Comparison of Different Strategies for Handling Sporadic Missing Data for the Different Methods

Method Missing Euclidean Distance: 2nd[1st, 3rd] Quartile Distance: 2nd[1st, 3rd] Quartile (km)
PCA filled 2.89 [1.71, 4.56] 253.4 [152.9, 375.9]
PCA imputed 2.88 [1.68, 4.50] 253.8 [150.0, 373.8]
SMARTPCA with regression (5) with missing 2.78 [1.60, 4.44] 241.1 [147.3, 366.6]
SMARTPCA with regression (5) imputed 2.74 [1.62, 4.33] 237.5 [146.4, 363.0]
SPA filled 2.86 [1.63, 4.48] 248.9 [148.0, 371.3]
SPA ignored 2.87 [1.62, 4.49] 248.7 [147.1, 371.0]
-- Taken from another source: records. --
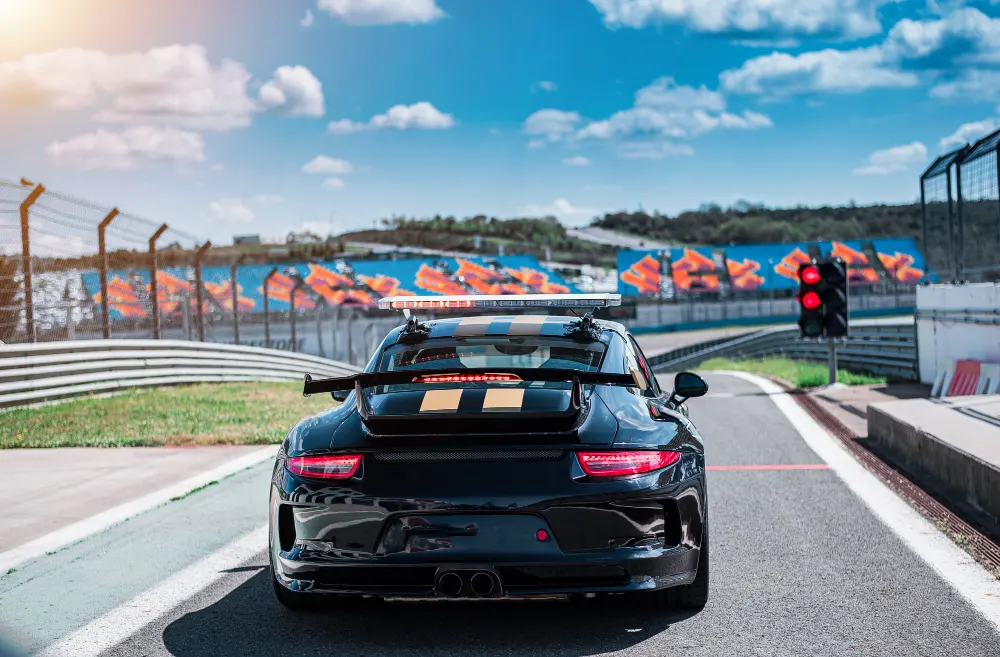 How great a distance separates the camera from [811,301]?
19.3 m

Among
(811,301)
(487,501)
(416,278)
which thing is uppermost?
(416,278)

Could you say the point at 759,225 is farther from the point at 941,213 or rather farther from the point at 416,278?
the point at 941,213

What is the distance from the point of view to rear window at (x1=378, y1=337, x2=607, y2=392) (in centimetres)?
554

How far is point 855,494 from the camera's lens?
26.5 ft

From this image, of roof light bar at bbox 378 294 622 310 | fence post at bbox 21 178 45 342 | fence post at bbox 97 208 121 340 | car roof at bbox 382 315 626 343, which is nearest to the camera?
car roof at bbox 382 315 626 343

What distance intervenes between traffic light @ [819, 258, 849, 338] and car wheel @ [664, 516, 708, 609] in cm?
1478

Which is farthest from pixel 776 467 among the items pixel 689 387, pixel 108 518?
pixel 108 518

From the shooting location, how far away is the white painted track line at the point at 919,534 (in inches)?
203

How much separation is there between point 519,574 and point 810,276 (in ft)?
52.1

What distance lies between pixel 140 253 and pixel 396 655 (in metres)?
13.9

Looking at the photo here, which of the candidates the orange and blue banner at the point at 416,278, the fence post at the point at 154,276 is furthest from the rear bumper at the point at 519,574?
the orange and blue banner at the point at 416,278

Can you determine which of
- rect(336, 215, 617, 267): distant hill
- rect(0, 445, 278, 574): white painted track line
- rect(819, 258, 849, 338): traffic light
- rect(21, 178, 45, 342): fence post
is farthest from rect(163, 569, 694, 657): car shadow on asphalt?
rect(336, 215, 617, 267): distant hill

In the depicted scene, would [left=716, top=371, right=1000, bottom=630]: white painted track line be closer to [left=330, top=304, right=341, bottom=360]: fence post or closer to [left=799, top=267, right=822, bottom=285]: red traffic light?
[left=799, top=267, right=822, bottom=285]: red traffic light

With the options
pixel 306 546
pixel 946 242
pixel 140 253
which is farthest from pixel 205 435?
pixel 946 242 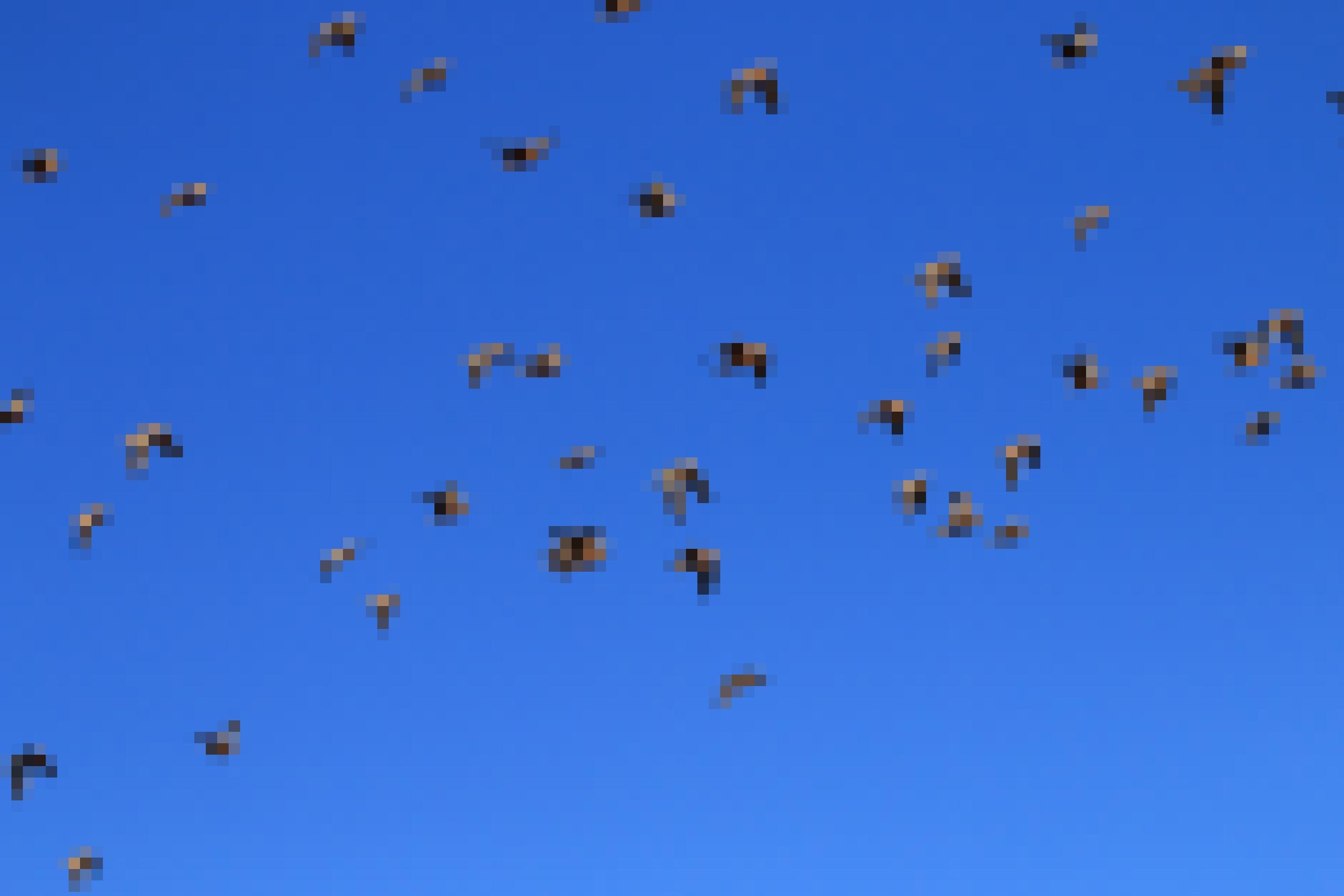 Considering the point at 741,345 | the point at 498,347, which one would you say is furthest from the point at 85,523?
the point at 741,345

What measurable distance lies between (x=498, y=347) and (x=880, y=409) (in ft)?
10.3

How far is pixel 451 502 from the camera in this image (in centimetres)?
996

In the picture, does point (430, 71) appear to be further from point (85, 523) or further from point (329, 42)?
point (85, 523)

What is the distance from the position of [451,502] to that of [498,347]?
1.32 m

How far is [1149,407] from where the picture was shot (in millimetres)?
9922

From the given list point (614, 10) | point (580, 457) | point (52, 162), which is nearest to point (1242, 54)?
point (614, 10)

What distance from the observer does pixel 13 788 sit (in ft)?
32.3

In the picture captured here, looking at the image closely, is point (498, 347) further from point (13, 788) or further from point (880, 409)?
point (13, 788)

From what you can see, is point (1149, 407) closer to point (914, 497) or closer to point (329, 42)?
point (914, 497)

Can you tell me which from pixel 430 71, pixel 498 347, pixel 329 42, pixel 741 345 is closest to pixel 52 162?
pixel 329 42

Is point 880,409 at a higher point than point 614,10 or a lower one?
lower

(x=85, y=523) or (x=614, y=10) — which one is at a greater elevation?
(x=614, y=10)

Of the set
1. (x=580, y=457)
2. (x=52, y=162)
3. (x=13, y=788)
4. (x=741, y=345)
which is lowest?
(x=13, y=788)

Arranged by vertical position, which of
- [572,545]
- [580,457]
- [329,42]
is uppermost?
[329,42] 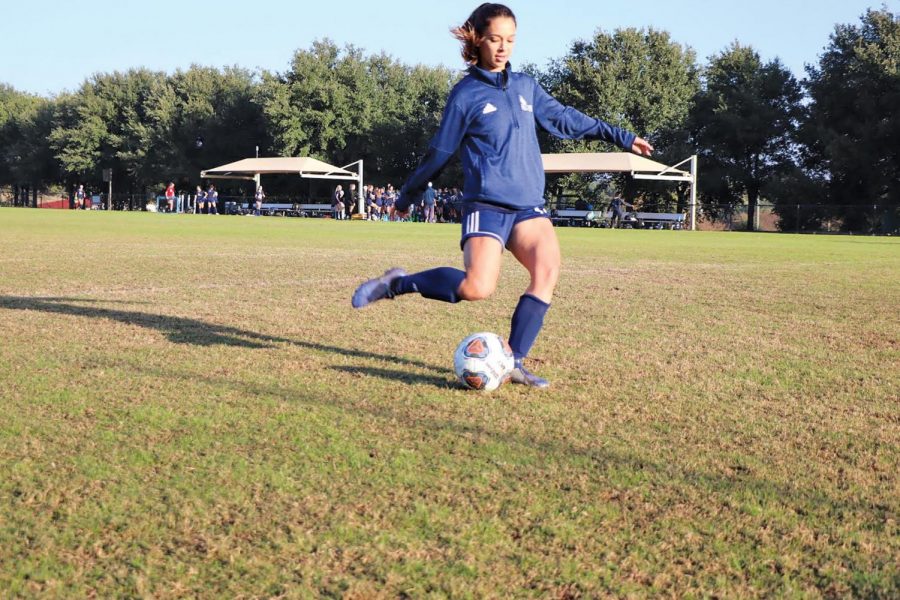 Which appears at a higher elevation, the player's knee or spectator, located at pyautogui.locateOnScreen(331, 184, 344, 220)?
spectator, located at pyautogui.locateOnScreen(331, 184, 344, 220)

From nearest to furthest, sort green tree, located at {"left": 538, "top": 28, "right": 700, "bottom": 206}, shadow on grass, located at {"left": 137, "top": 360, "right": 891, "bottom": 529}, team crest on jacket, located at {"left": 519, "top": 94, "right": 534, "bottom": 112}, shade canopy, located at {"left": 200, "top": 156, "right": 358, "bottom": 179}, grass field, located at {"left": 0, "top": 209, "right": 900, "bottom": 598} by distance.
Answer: grass field, located at {"left": 0, "top": 209, "right": 900, "bottom": 598}
shadow on grass, located at {"left": 137, "top": 360, "right": 891, "bottom": 529}
team crest on jacket, located at {"left": 519, "top": 94, "right": 534, "bottom": 112}
shade canopy, located at {"left": 200, "top": 156, "right": 358, "bottom": 179}
green tree, located at {"left": 538, "top": 28, "right": 700, "bottom": 206}

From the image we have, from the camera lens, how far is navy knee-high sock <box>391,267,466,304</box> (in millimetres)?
5512

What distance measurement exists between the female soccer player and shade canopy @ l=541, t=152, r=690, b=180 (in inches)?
1566

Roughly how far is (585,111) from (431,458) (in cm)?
5949

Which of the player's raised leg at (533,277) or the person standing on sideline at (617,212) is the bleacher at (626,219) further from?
the player's raised leg at (533,277)

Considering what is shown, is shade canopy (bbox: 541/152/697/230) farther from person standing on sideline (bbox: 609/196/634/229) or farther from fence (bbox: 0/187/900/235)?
fence (bbox: 0/187/900/235)

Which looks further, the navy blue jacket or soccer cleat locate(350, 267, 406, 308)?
soccer cleat locate(350, 267, 406, 308)

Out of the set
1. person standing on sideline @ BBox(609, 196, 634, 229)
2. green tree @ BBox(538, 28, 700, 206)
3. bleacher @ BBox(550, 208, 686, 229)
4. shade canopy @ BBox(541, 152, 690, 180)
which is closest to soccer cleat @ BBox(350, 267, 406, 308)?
shade canopy @ BBox(541, 152, 690, 180)

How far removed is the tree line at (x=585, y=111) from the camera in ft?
163

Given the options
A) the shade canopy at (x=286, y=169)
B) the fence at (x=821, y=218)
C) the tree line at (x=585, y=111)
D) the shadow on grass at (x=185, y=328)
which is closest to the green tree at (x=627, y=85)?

SPA imputed 2.88 [1.65, 4.44] 249.1 [148.4, 366.2]
LOCO-LD (window length = 10) ignored 2.46 [1.43, 3.86] 221.5 [127.1, 320.9]
LOCO-LD imputed 2.42 [1.36, 3.70] 211.2 [124.7, 313.8]

“Filled” denotes replacing the missing entries with the mean genotype value for that variant. “Imputed” denotes using BEAGLE for imputing the missing entries. “With missing” for SMARTPCA denotes running the software on data with missing entries. “Ignored” denotes leaving the missing entries out of the computation; this option is available only for the model-based approaches, SPA and LOCO-LD. Reported error measures are the same as in Table 1.